## DATASET RECORDS:
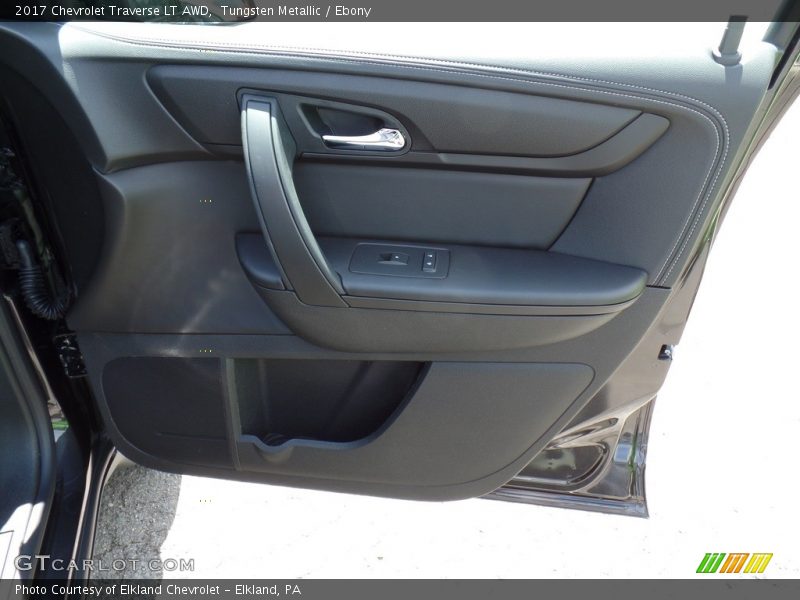 Tungsten Metallic / Ebony 2017 Chevrolet Traverse LT AWD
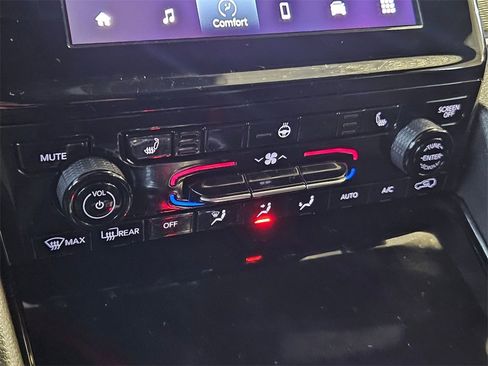 Used 2023 Jeep Grand Cherokee Altitude image 23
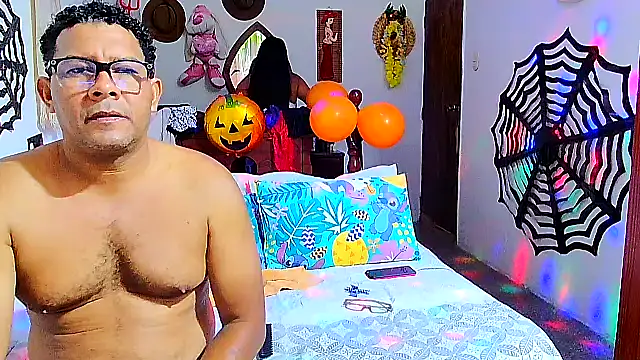 Snapshot of rosi_pamela chatting on October 26, 2025, 6:36 pm rosi pamela online show from October 26, 2025, 6:36 pm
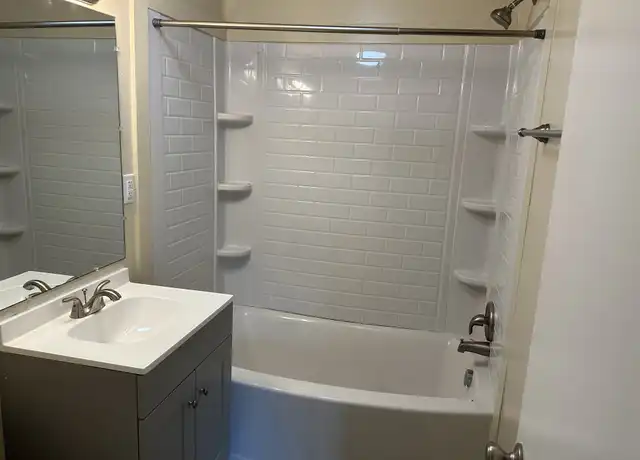Property at 226 W Cameron St Unit 3, Culpeper, VA, 22701, 2 beds, 1 bath, [object Object]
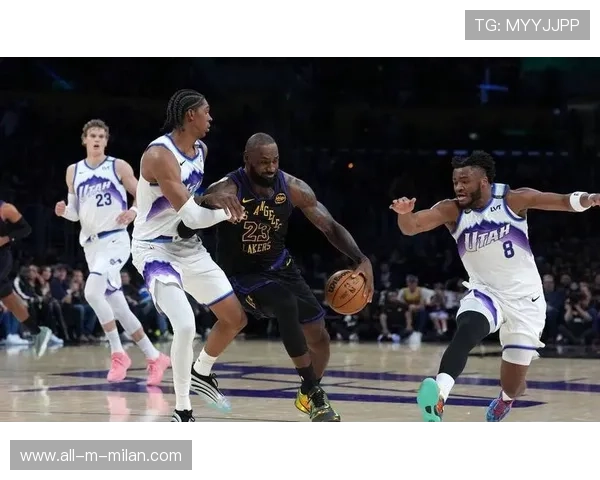 湖人战术解密：降节奏+高效反击双管齐下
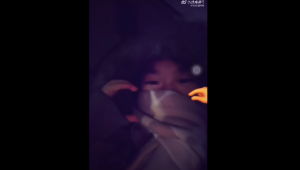 全红婵在去爸爸果园路上自拍千禧手势舞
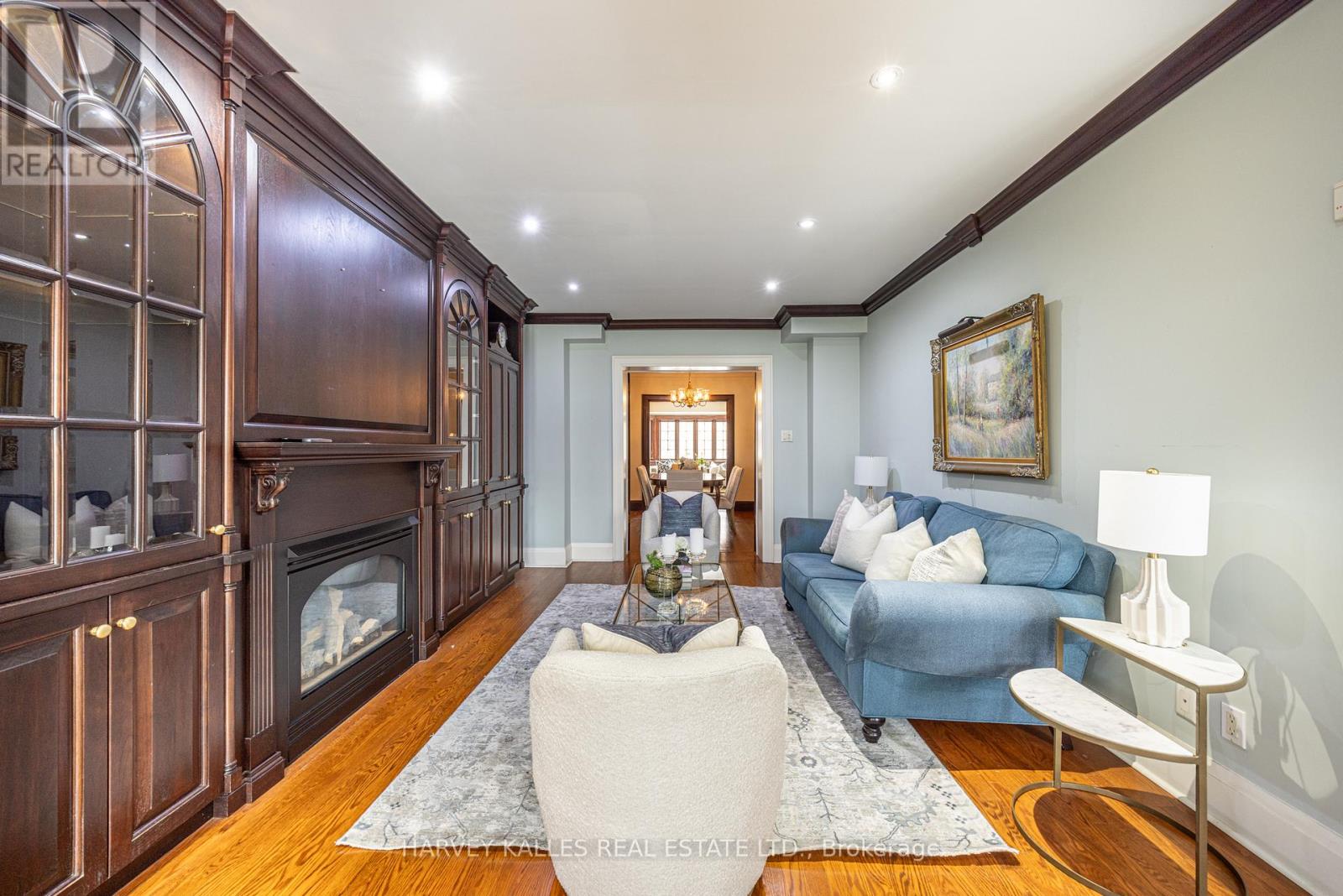 34 TARLTON ROAD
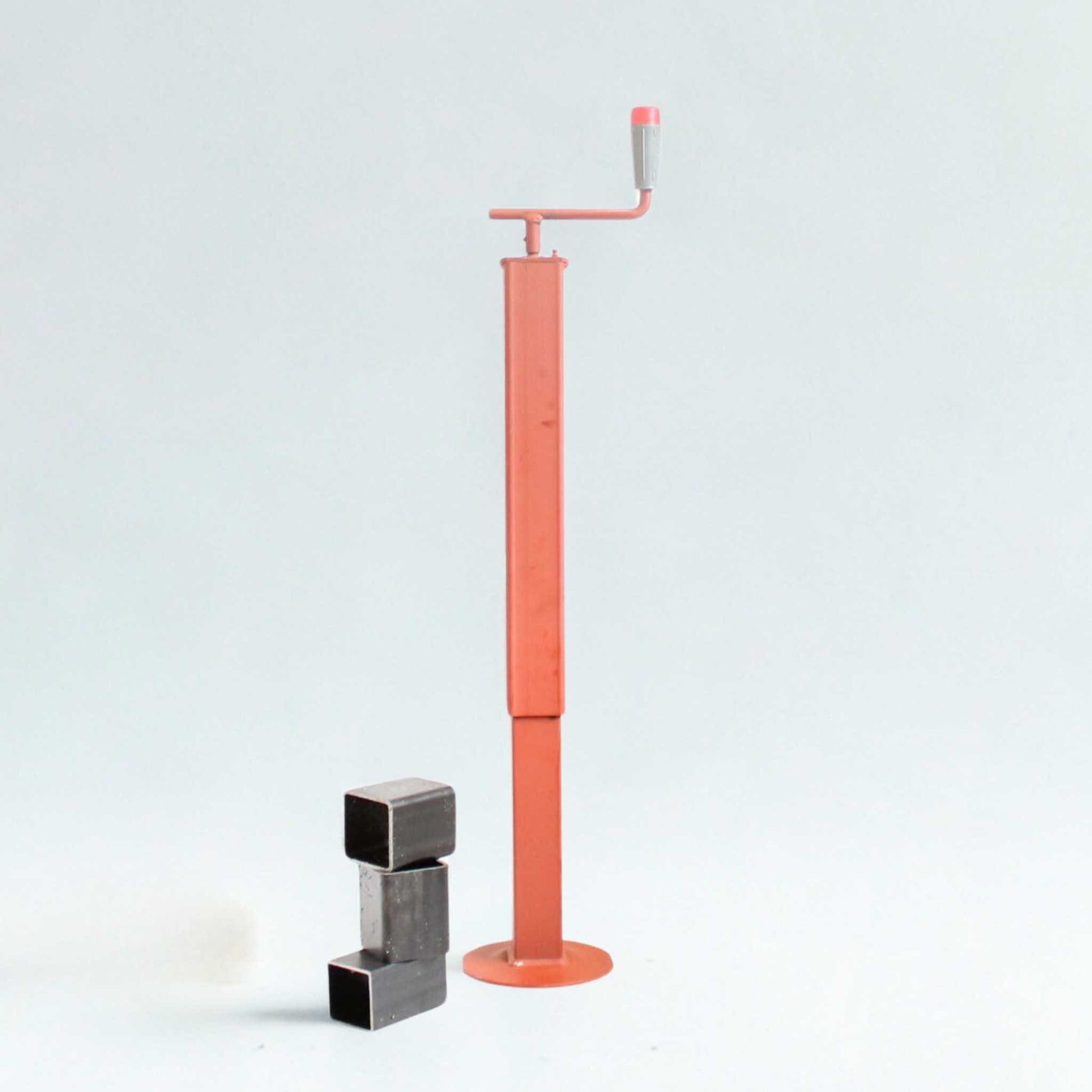 Pata de apoyo SIMOL con manivela superior para remolque agrícola, con un diámetro de 60 mm y una capacidad de carga máxima de 600 kg.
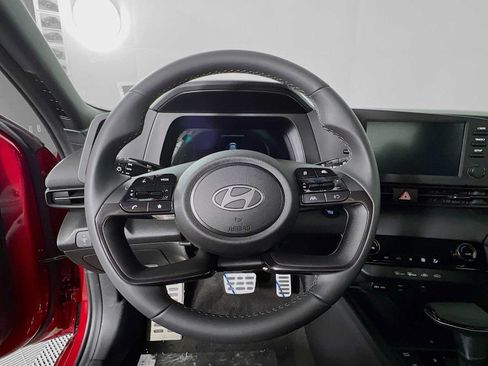 Certified 2025 Hyundai Elantra Sport FWD image 6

## EXERCISE AIM:
Please print the material exactly as given above, omitting the pictures.

## THE ANSWER:
 Tungsten Metallic / Ebony 2017 Chevrolet Traverse LT AWD
 Used 2023 Jeep Grand Cherokee Altitude image 23
 Snapshot of rosi_pamela chatting on October 26, 2025, 6:36 pm rosi pamela online show from October 26, 2025, 6:36 pm
Property at 226 W Cameron St Unit 3, Culpeper, VA, 22701, 2 beds, 1 bath, [object Object]
 湖人战术解密：降节奏+高效反击双管齐下
 全红婵在去爸爸果园路上自拍千禧手势舞
 34 TARLTON ROAD
 Pata de apoyo SIMOL con manivela superior para remolque agrícola, con un diámetro de 60 mm y una capacidad de carga máxima de 600 kg.
 Certified 2025 Hyundai Elantra Sport FWD image 6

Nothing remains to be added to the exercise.